The data section start

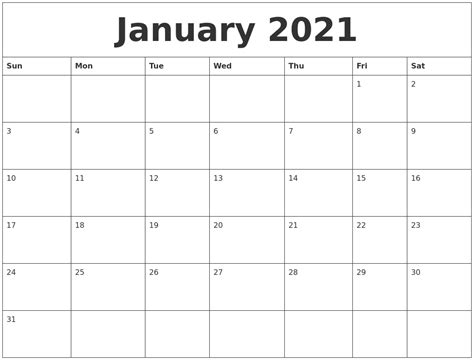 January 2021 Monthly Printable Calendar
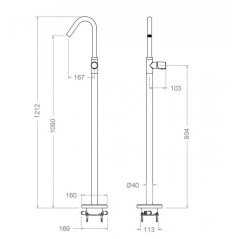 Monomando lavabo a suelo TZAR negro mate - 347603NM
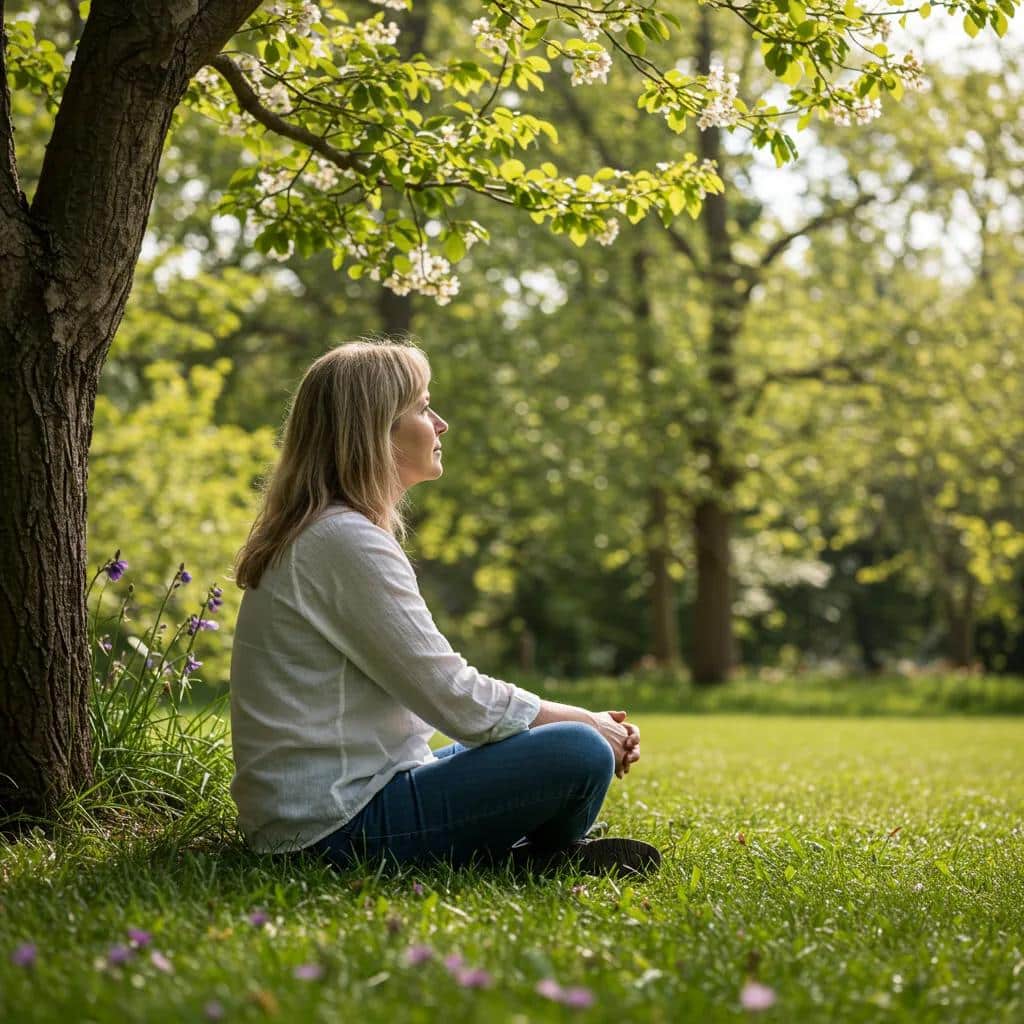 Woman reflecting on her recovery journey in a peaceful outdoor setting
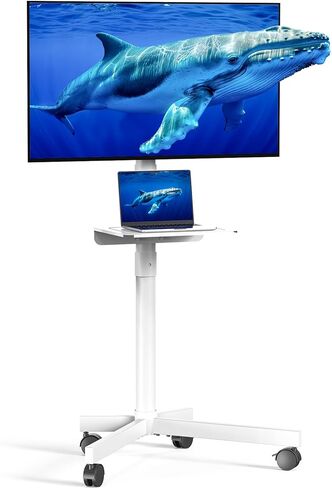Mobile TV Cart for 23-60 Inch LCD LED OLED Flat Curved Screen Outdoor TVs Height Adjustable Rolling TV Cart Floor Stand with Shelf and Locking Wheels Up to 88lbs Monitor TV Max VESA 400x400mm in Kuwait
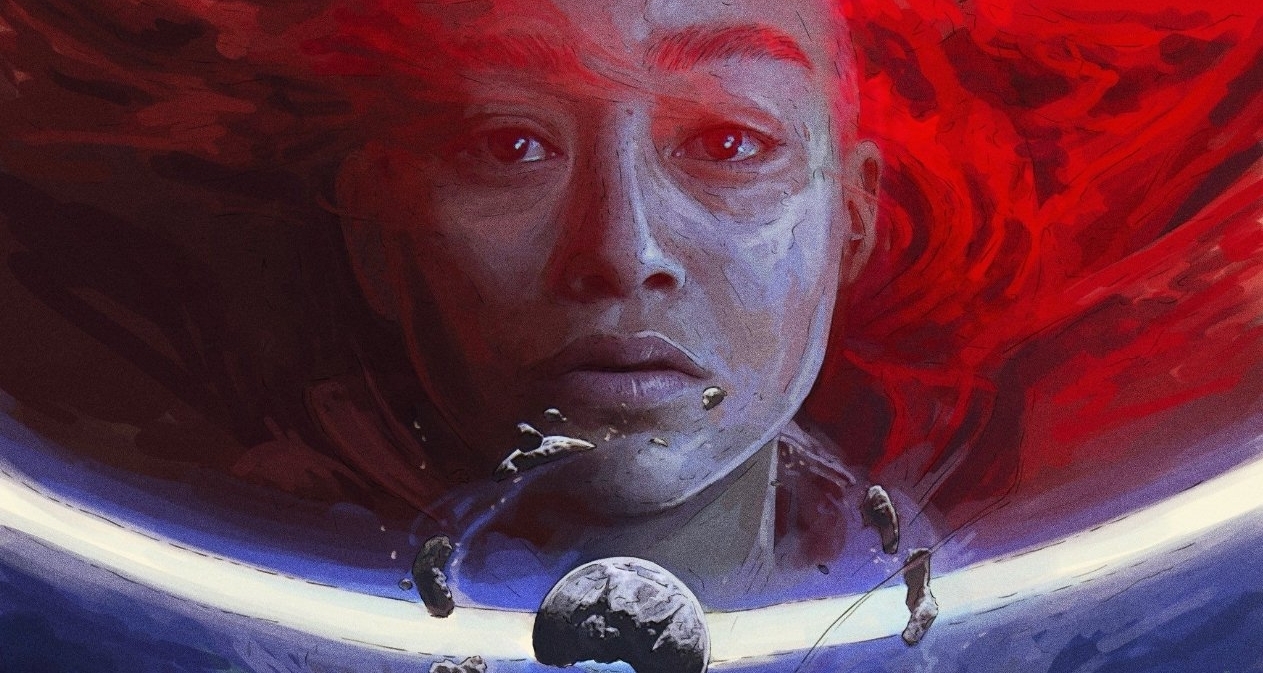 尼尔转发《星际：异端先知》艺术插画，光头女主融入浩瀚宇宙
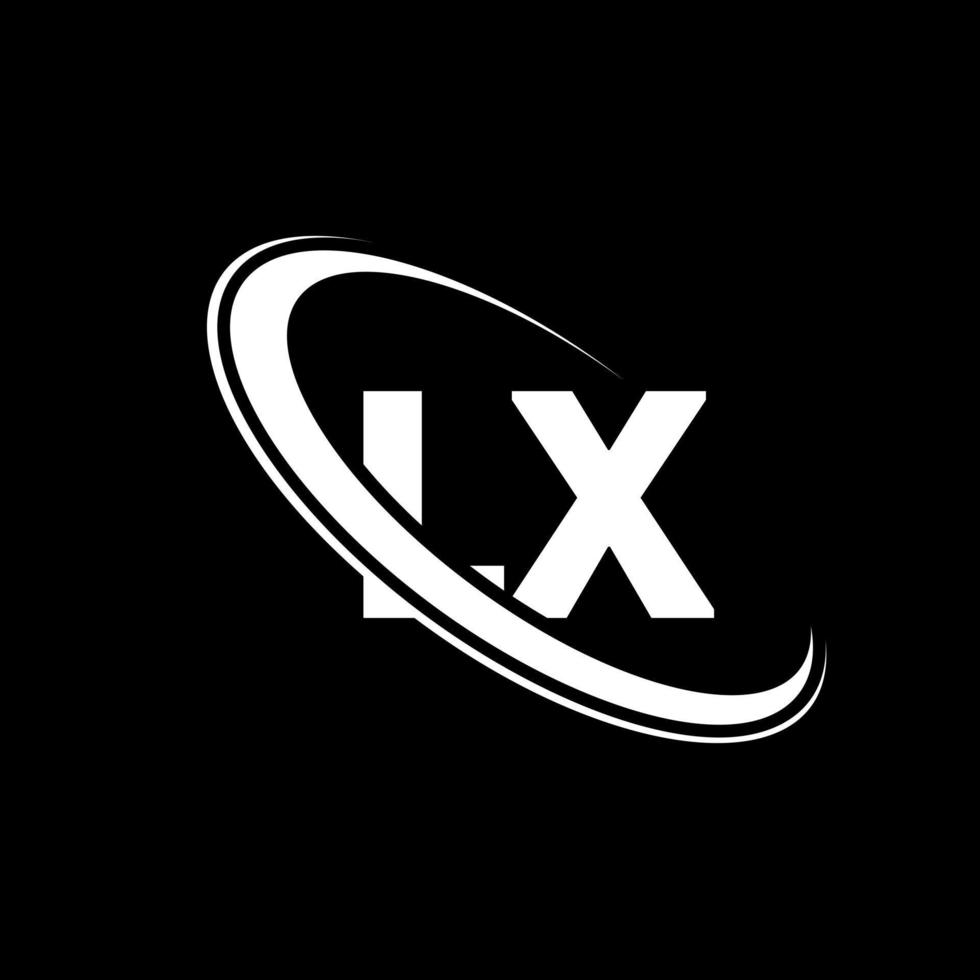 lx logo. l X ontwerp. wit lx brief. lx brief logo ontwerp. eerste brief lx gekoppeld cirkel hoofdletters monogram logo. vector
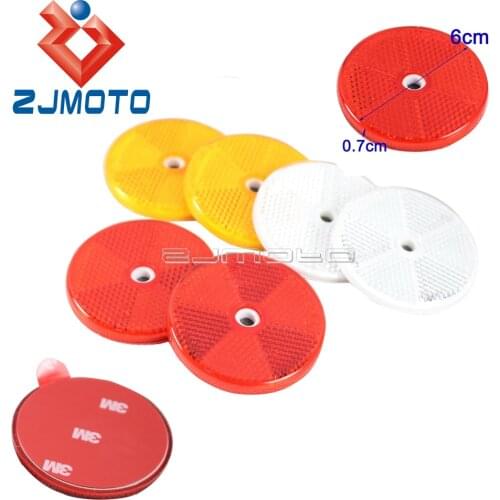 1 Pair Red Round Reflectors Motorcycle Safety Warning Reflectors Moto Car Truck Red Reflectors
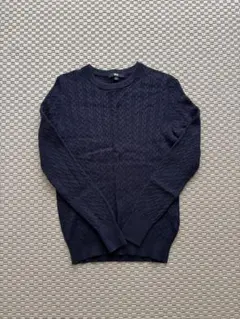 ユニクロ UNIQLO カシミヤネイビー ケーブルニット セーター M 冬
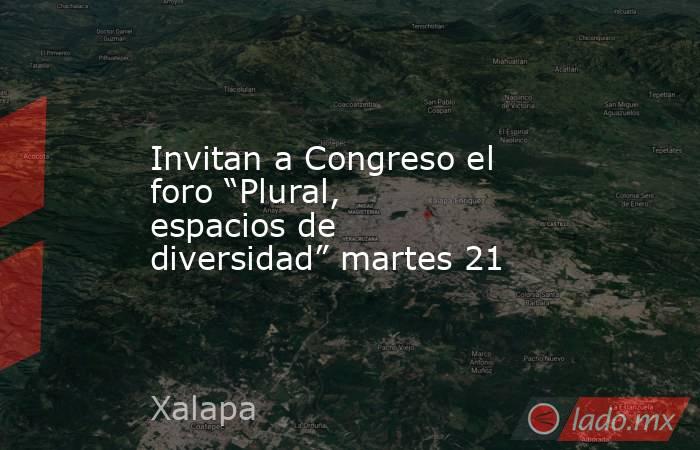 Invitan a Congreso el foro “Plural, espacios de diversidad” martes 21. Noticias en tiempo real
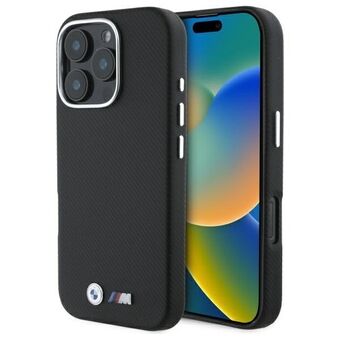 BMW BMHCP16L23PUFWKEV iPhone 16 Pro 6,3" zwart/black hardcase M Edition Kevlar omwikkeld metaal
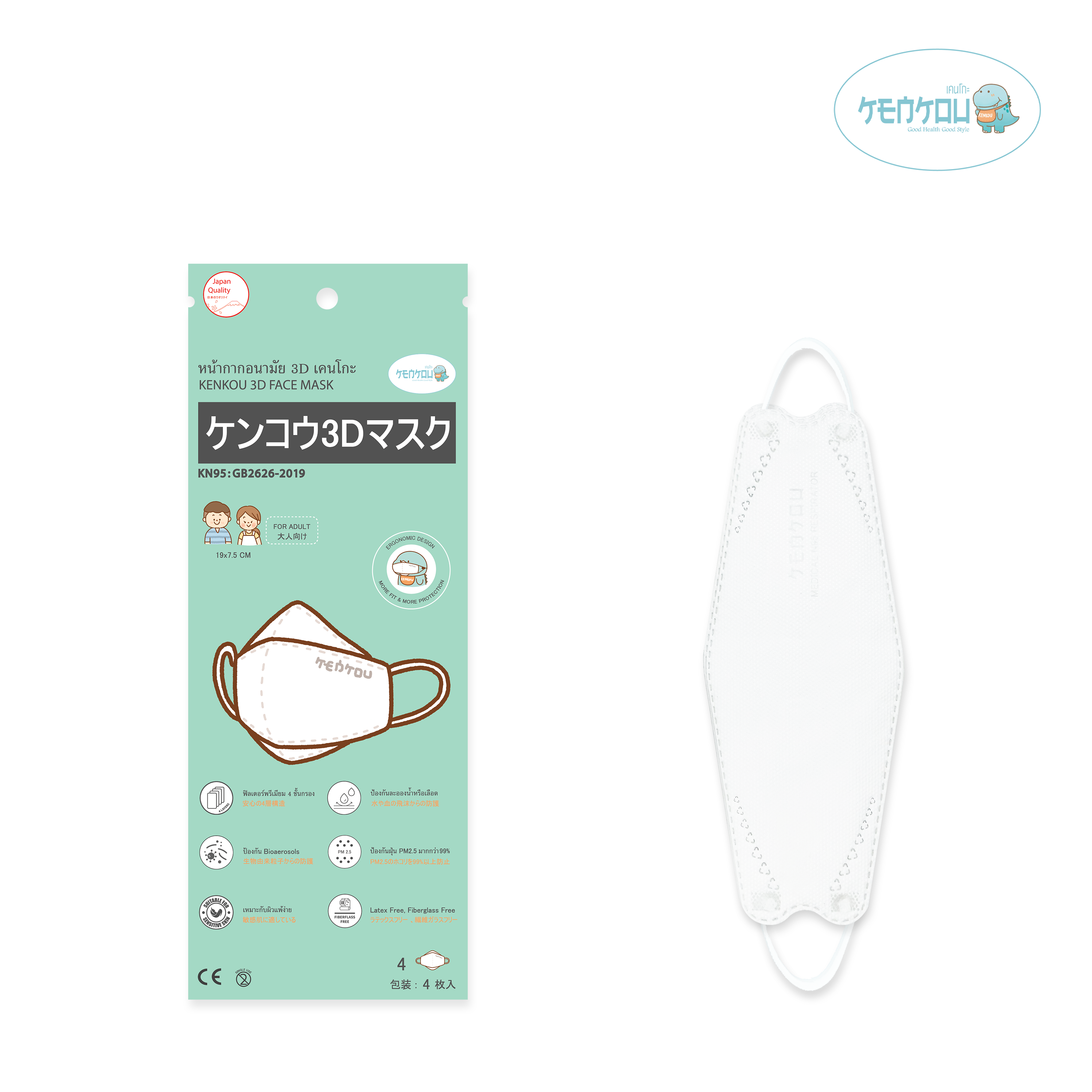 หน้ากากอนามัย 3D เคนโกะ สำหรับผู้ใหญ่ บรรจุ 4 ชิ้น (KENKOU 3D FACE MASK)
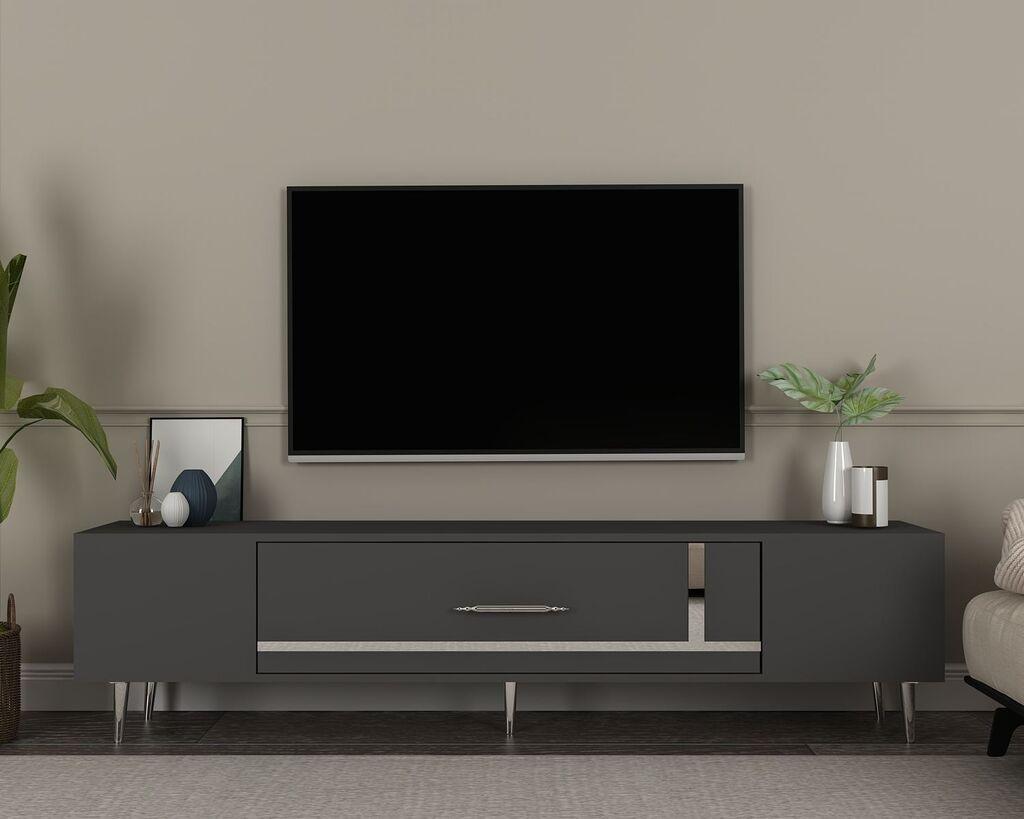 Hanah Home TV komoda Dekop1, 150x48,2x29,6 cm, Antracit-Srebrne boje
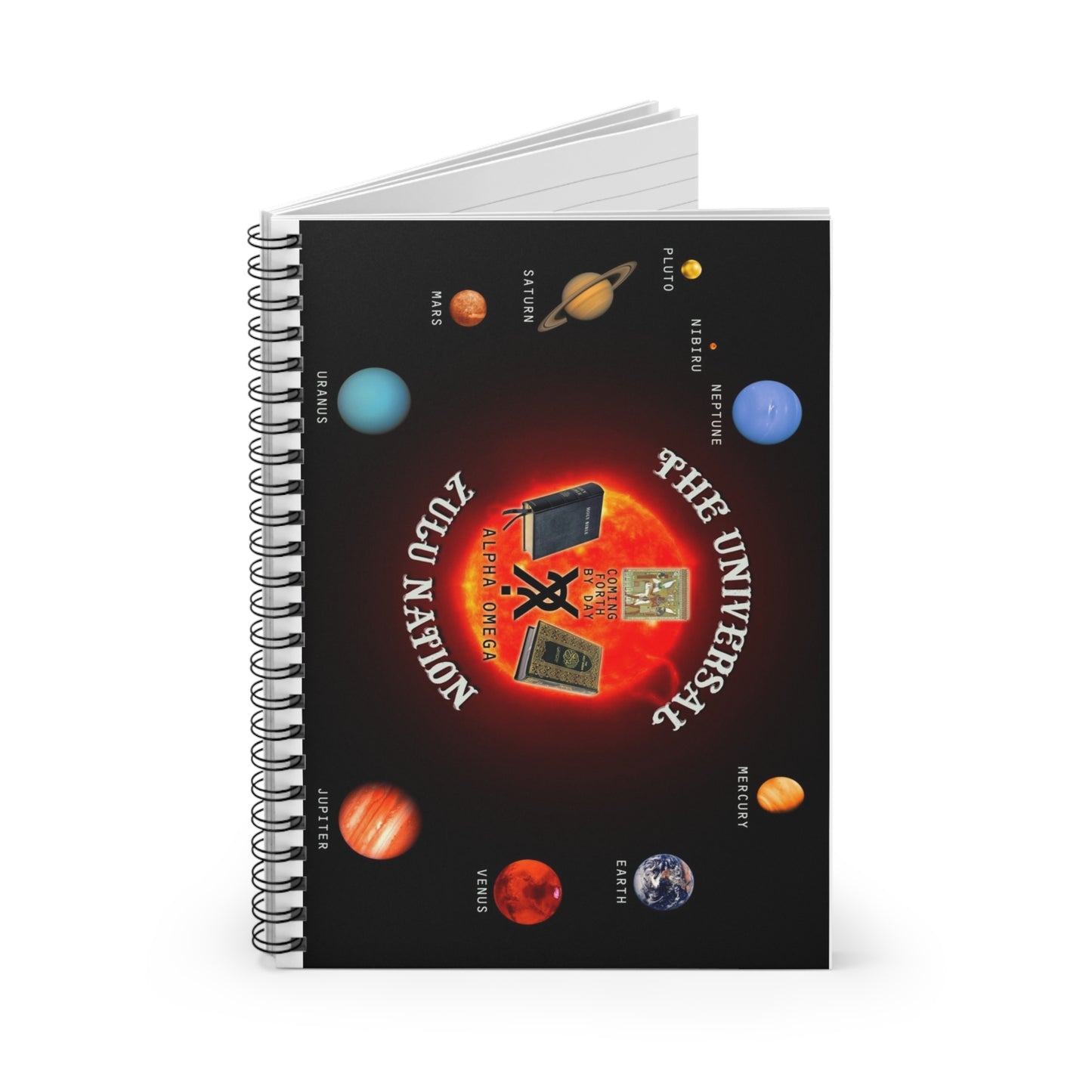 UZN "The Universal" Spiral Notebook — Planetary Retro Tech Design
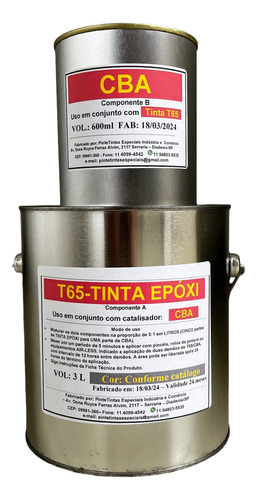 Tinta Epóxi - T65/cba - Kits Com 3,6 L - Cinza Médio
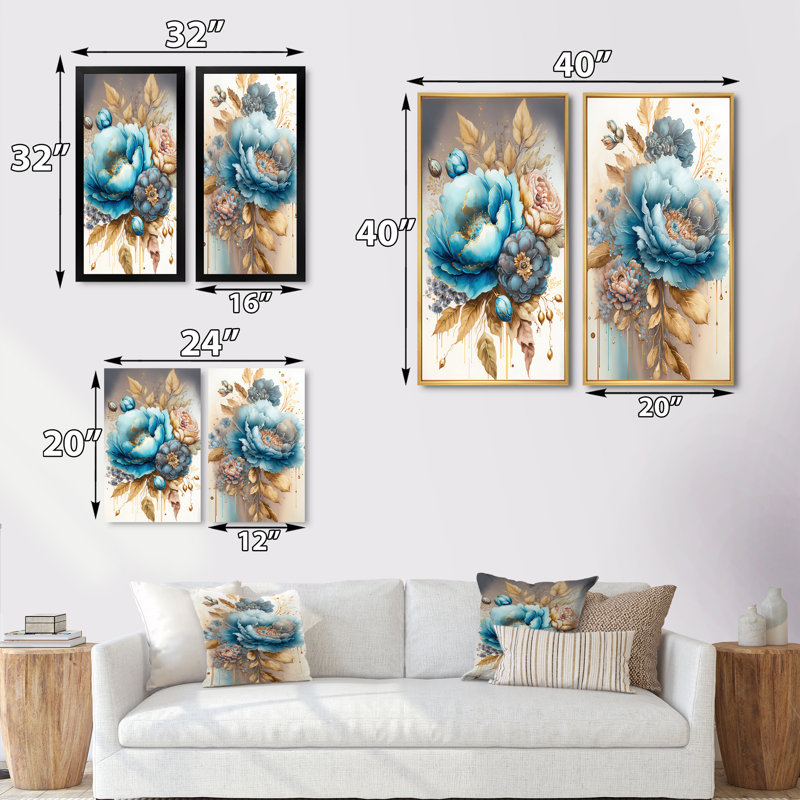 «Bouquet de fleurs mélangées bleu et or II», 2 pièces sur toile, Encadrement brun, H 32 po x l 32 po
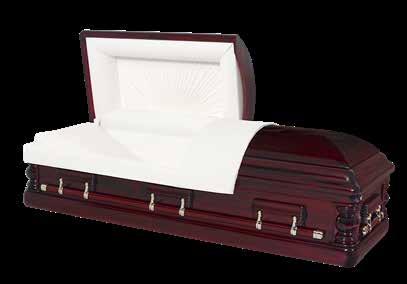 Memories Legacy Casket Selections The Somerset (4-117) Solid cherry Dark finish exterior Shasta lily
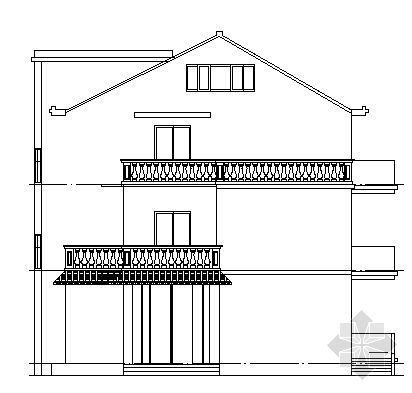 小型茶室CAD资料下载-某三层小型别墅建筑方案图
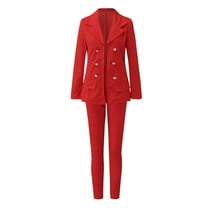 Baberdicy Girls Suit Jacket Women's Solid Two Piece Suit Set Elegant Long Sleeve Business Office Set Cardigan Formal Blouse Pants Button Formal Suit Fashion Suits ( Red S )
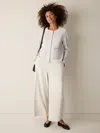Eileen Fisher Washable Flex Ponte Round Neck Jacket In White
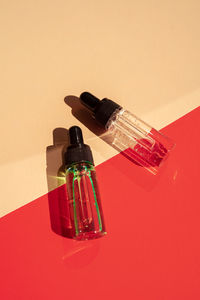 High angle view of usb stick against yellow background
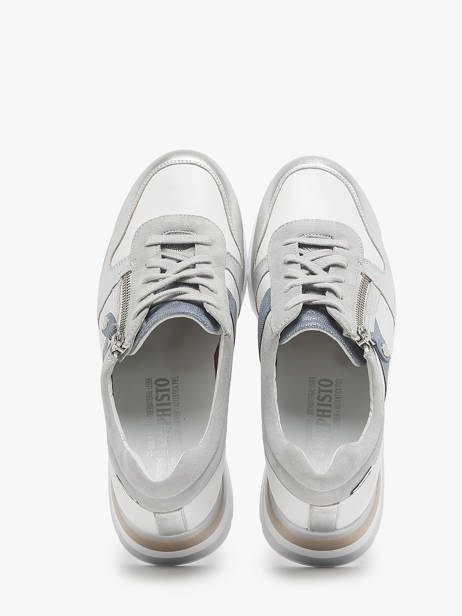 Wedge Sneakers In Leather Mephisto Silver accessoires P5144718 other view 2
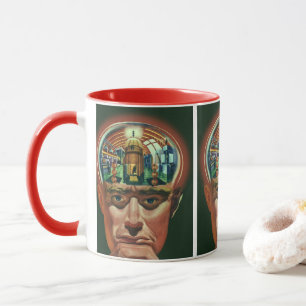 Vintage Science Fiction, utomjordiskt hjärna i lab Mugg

The data section end

Work required
Return the material verbatim; the images are not to appear in the copy.

Solved problem
 January 2021 Monthly Printable Calendar
 Monomando lavabo a suelo TZAR negro mate - 347603NM
 Woman reflecting on her recovery journey in a peaceful outdoor setting
Mobile TV Cart for 23-60 Inch LCD LED OLED Flat Curved Screen Outdoor TVs Height Adjustable Rolling TV Cart Floor Stand with Shelf and Locking Wheels Up to 88lbs Monitor TV Max VESA 400x400mm in Kuwait
 尼尔转发《星际：异端先知》艺术插画，光头女主融入浩瀚宇宙
 lx logo. l X ontwerp. wit lx brief. lx brief logo ontwerp. eerste brief lx gekoppeld cirkel hoofdletters monogram logo. vector
 1 Pair Red Round Reflectors Motorcycle Safety Warning Reflectors Moto Car Truck Red Reflectors
 ユニクロ UNIQLO カシミヤネイビー ケーブルニット セーター M 冬
 Invitan a Congreso el foro “Plural, espacios de diversidad” martes 21. Noticias en tiempo real
 BMW BMHCP16L23PUFWKEV iPhone 16 Pro 6,3" zwart/black hardcase M Edition Kevlar omwikkeld metaal
 หน้ากากอนามัย 3D เคนโกะ สำหรับผู้ใหญ่ บรรจุ 4 ชิ้น (KENKOU 3D FACE MASK)
 Hanah Home TV komoda Dekop1, 150x48,2x29,6 cm, Antracit-Srebrne boje
 UZN "The Universal" Spiral Notebook — Planetary Retro Tech Design
 Tinta Epóxi - T65/cba - Kits Com 3,6 L - Cinza Médio
 «Bouquet de fleurs mélangées bleu et or II», 2 pièces sur toile, Encadrement brun, H 32 po x l 32 po
 Memories Legacy Casket Selections The Somerset (4-117) Solid cherry Dark finish exterior Shasta lily
 小型茶室CAD资料下载-某三层小型别墅建筑方案图
 Baberdicy Girls Suit Jacket Women's Solid Two Piece Suit Set Elegant Long Sleeve Business Office Set Cardigan Formal Blouse Pants Button Formal Suit Fashion Suits ( Red S )
Eileen Fisher Washable Flex Ponte Round Neck Jacket In White
 High angle view of usb stick against yellow background
 Wedge Sneakers In Leather Mephisto Silver accessoires P5144718 other view 2
 Vintage Science Fiction, utomjordiskt hjärna i lab Mugg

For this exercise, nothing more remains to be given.